▶ _What this task involves_: With pictures excluded, retype exactly every line from the one containing "slide 6 of 6, Halo Top Mint Chip, 14 fl oz" to the end of the records below.

▶ _Dataset items_:
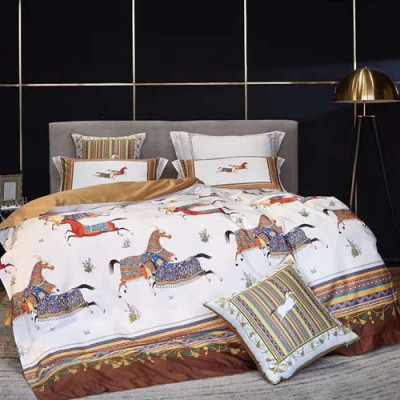 Hermes 2020 Supima Cotton Bedding 4 Set - 에르메스 2020 수피마 코튼 4종 세트, BEDS0079,화이트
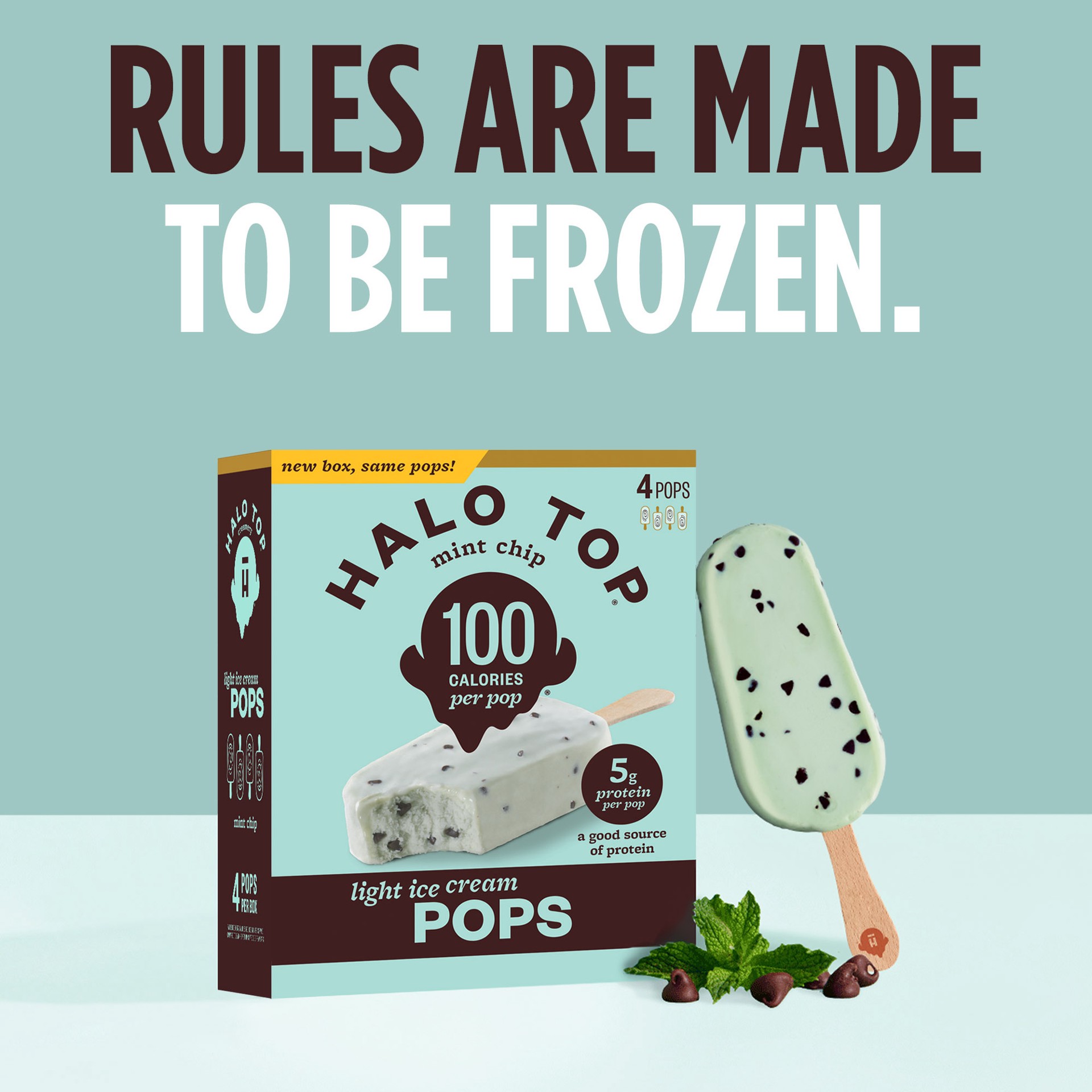 slide 6 of 6, Halo Top Mint Chip, 14 fl oz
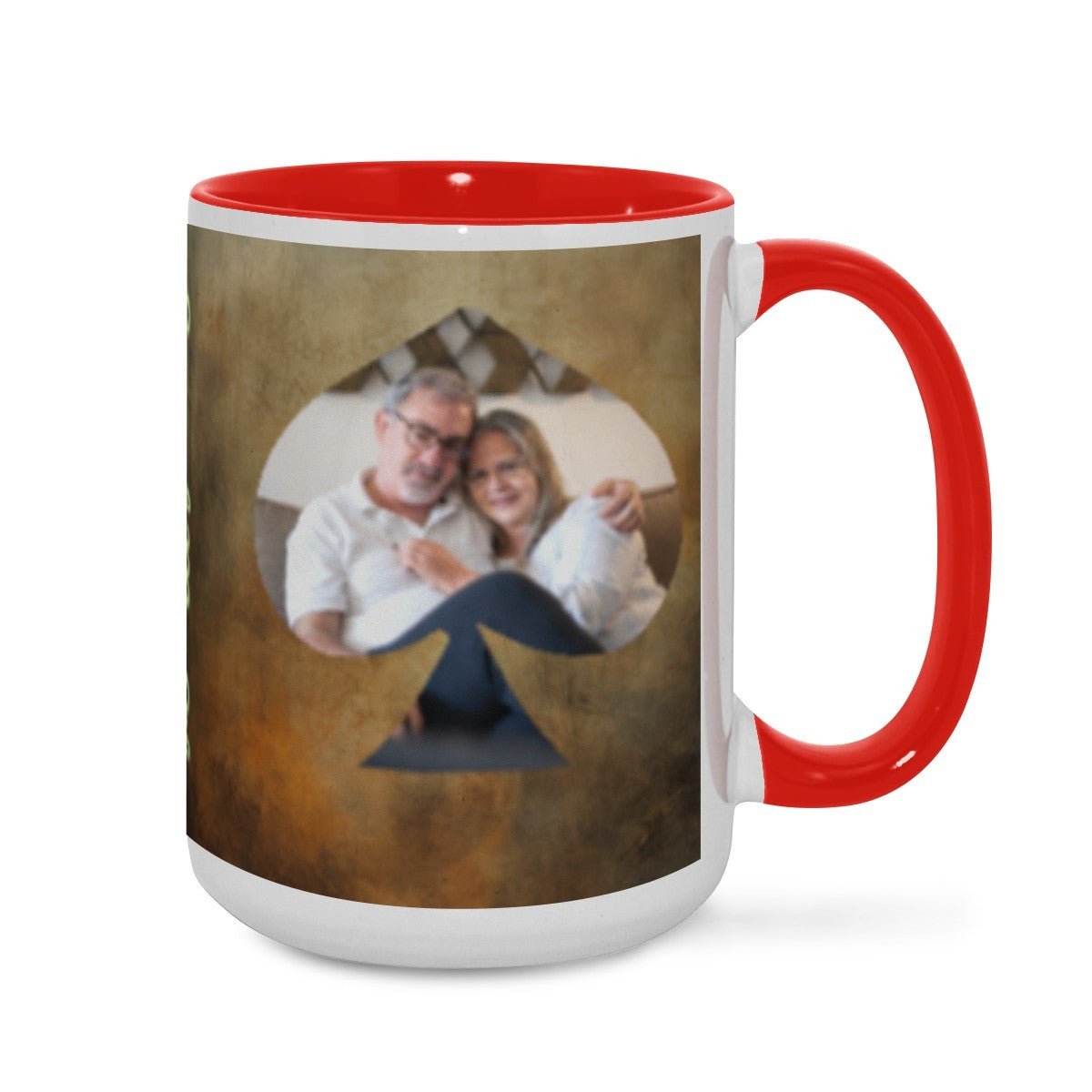 Custom Photo Two - Color Mug 15oz Spade - Mugs - BuyEcEc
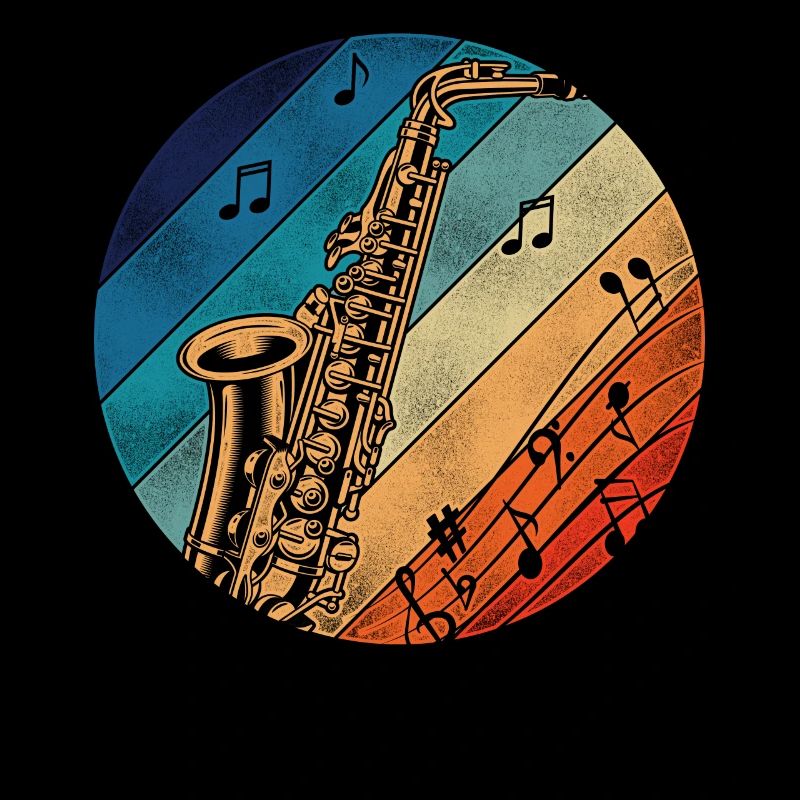 Saxophone Retro Vintage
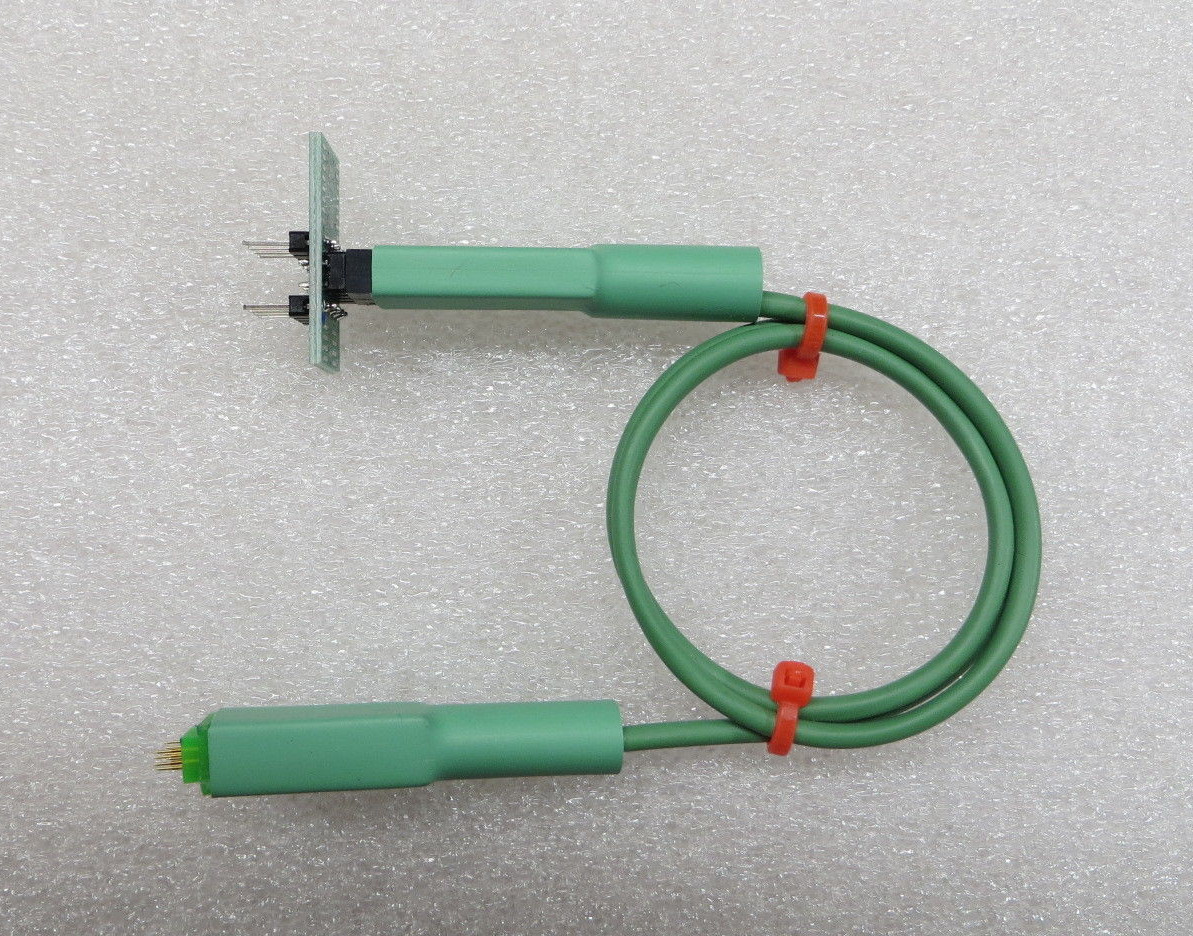 MSOP8 spring loaded pogo adapter for in-circuit EEPROM programming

▶ _Written reply_:
 slide 6 of 6, Halo Top Mint Chip, 14 fl oz
 Custom Photo Two - Color Mug 15oz Spade - Mugs - BuyEcEc
 Saxophone Retro Vintage
 MSOP8 spring loaded pogo adapter for in-circuit EEPROM programming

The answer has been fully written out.